> **Work order**:
From the line containing "Fiat 500e ICON 42KWH — photo 8" through the end of the material below, output each line exactly as written, with pictures excluded.

> **Dataset excerpt**:
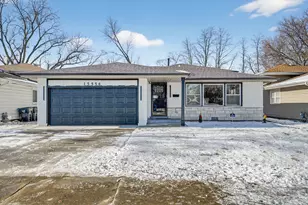 15554 South Park Ave, South Holland, IL 60473 - Photo 1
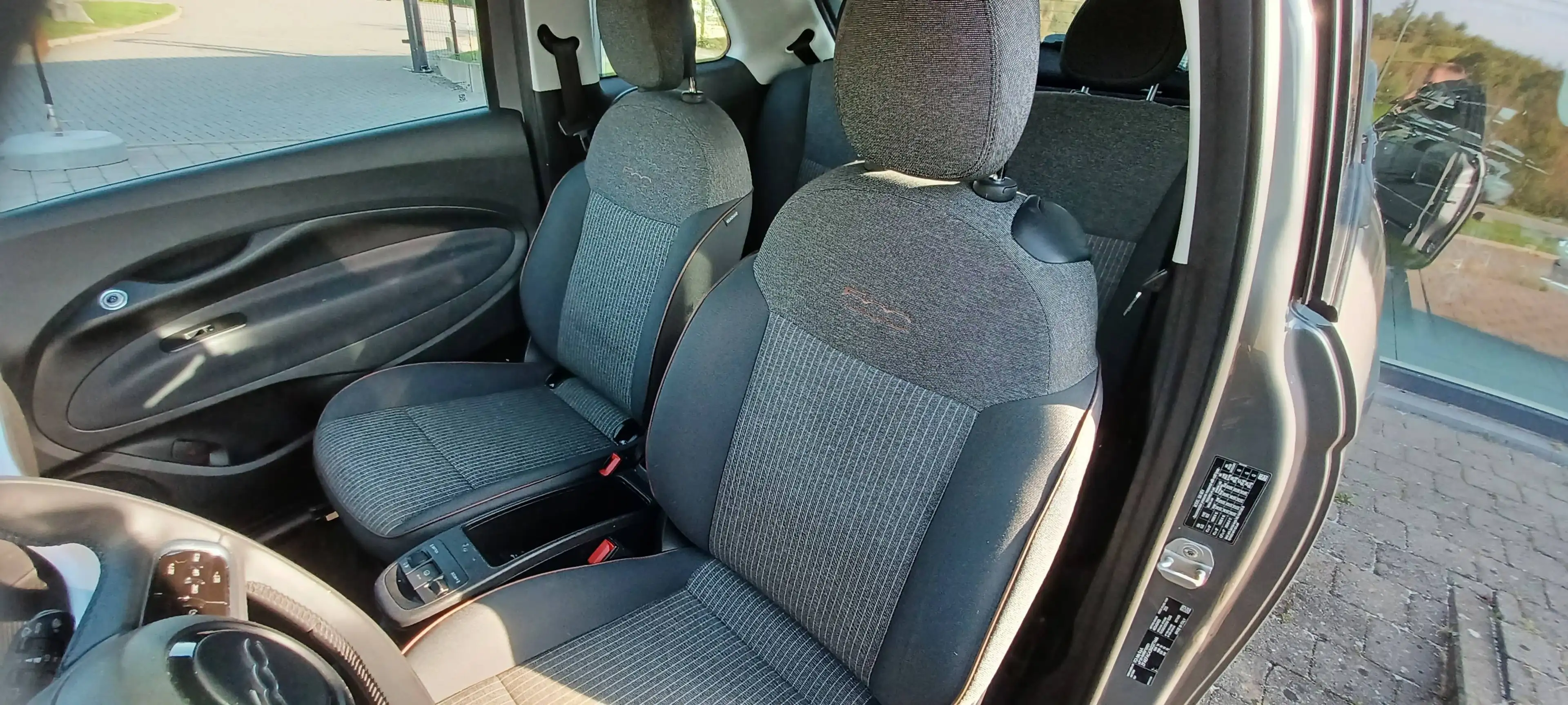 Fiat 500e ICON 42KWH — photo 8
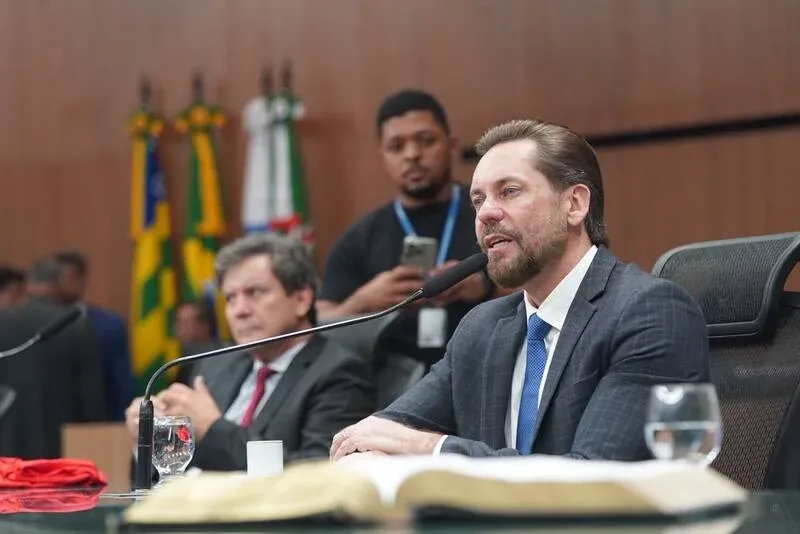 Bruno Peixoto anuncia R$ 5,5 milhões do duodécimo para incentivo aos clubes goianos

> **Response to the exercise**:
 Fiat 500e ICON 42KWH — photo 8
 Bruno Peixoto anuncia R$ 5,5 milhões do duodécimo para incentivo aos clubes goianos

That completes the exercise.